The European Tour has yet to say why the CIMB Classic was not afforded the same status regarding the winning of European Ryder Cup points through the world rankings as every other sanctioned tournament on the planet.
No doubt they will explain that one in due course but Garcia is plainly in the same camp as Els, as he told the excellent Spanish golf website Ten-golf.com in a recent radio interview. 

“It’s a small problem with the European Tour, which doesn’t make it easy for the players who have cards on both tours,” Garcia said when explaining why he was not going to be in Dubai next week.

“I play Malaysia [CIMB Classic] and China (HSBC) because they help me tick off a few [PGA Tour] events for next year and I don’t have to push hard to play my 15 events in the US. 
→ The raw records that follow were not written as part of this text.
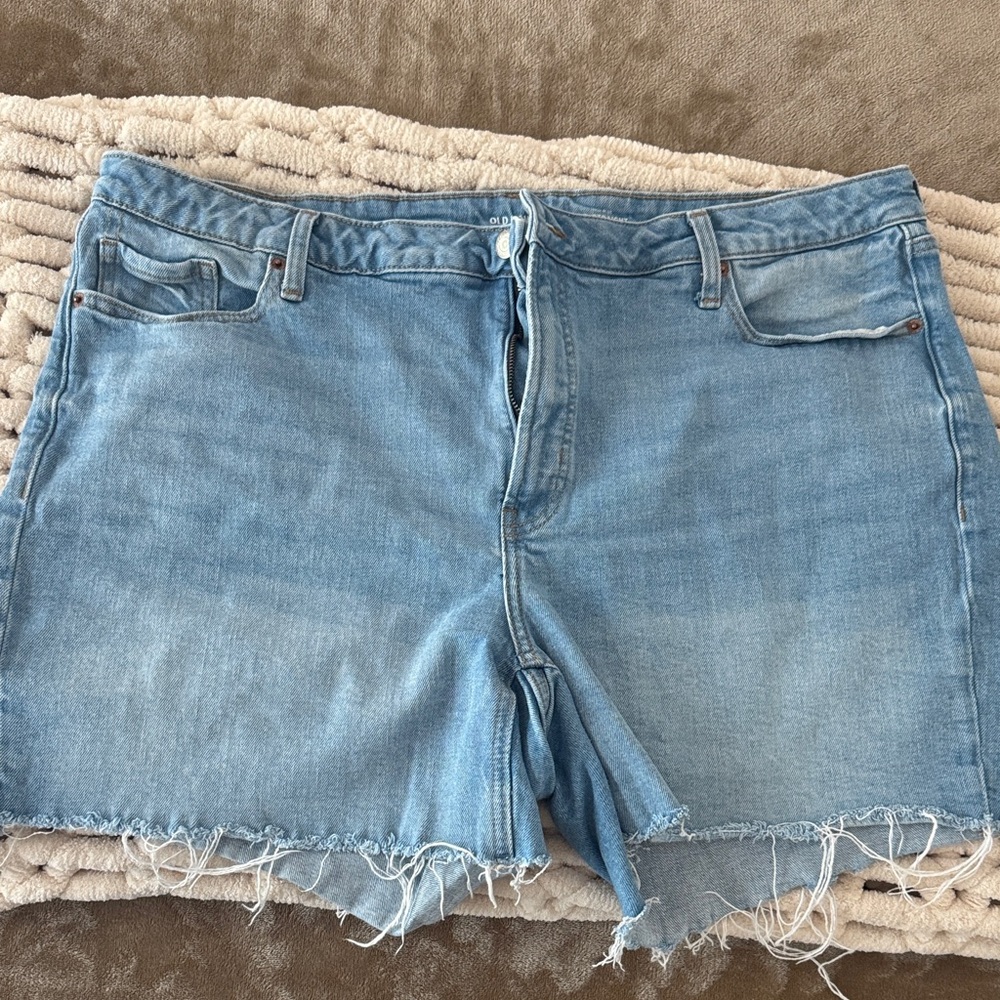 Old Navy Light Blue Denim Cutoff Shorts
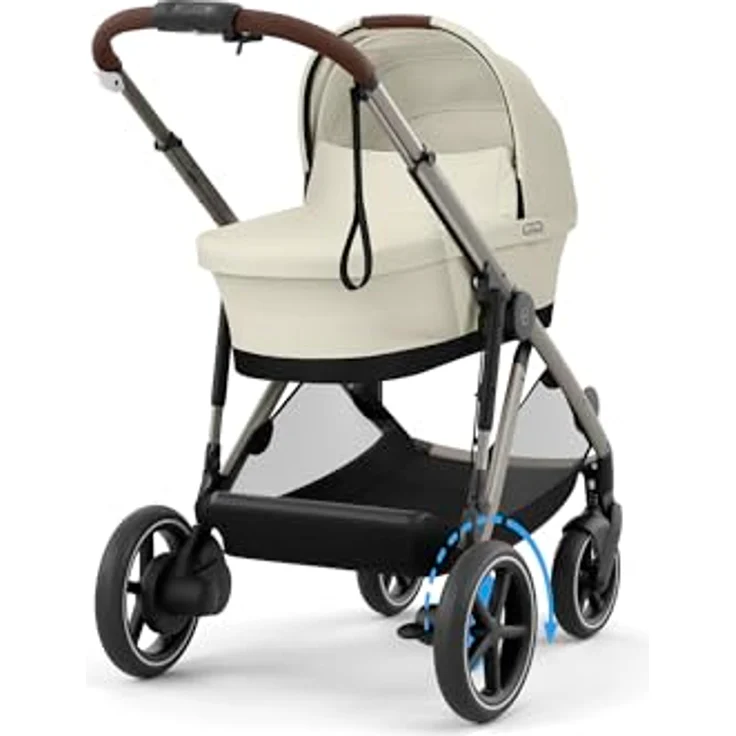 Cybex eGazelle S, Kinderwagen mit elektrischem Antrieb und Wiegefunktion, großer Einkaufskorb, Multi-Terrain-Support – Bild 4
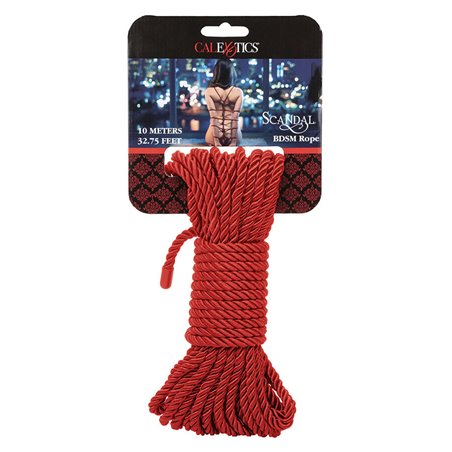 Calexotics Scandal BDSM Rope - Red Bondage Rope 10 Meters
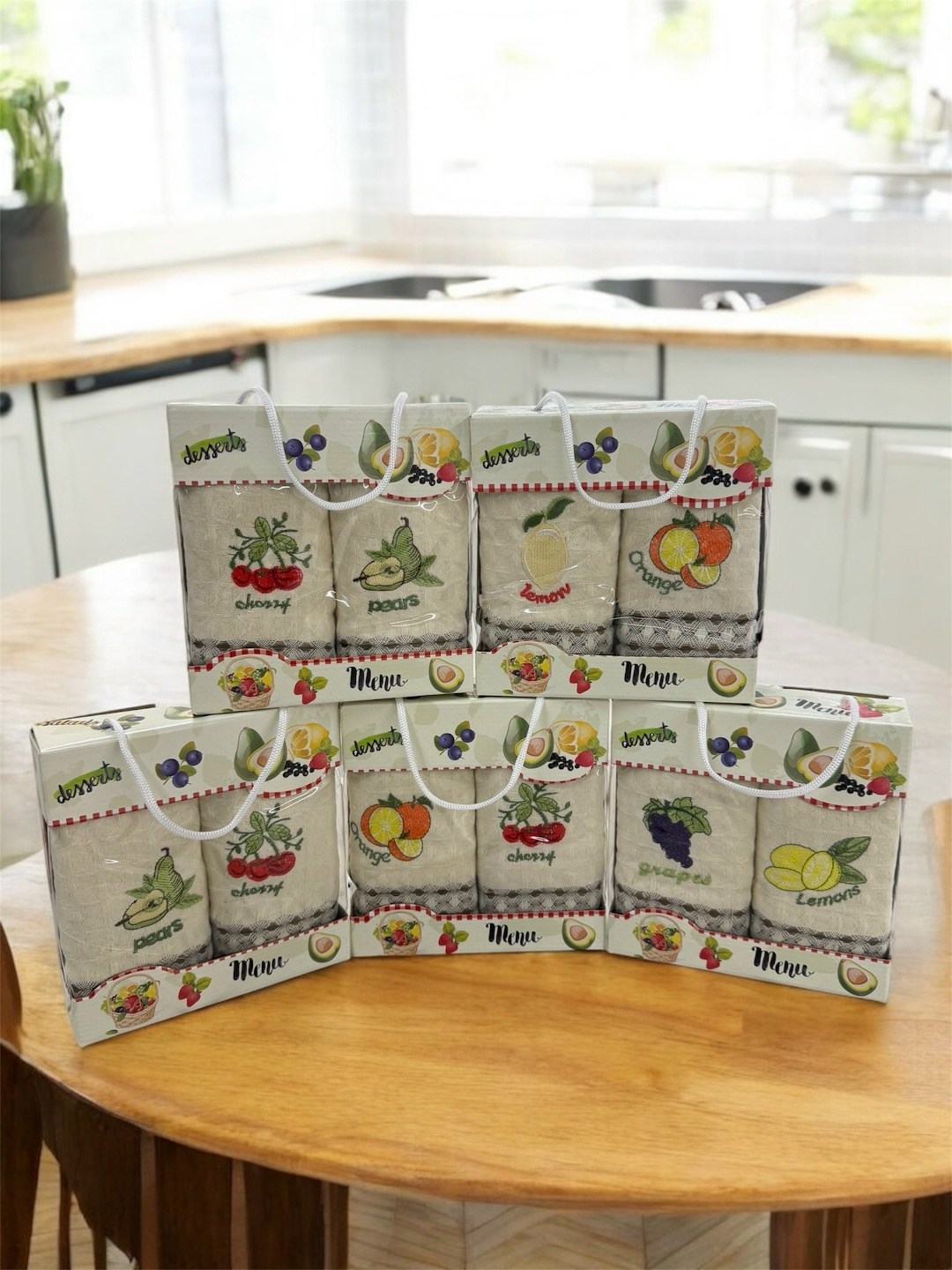 набор полотенец кухонное,кухонные полотенца подарочные набор,кухонные полотенца вафельные набор,комплект полотенец для кухни 2 шт,набор полотенец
“But instead of helping you, the European Tour tells you the points in Malaysia don’t count for the Ryder Cup qualifying.… We have to help each other here. The more barriers they put in your way, the tougher it is. They’re putting a lot of pressure on us.
“I’ve played eight out of 10 weeks since the British Open and now I have to play six in eight weeks and it’s too much. I don’t need to start the new year feeling tired and lacking in energy.”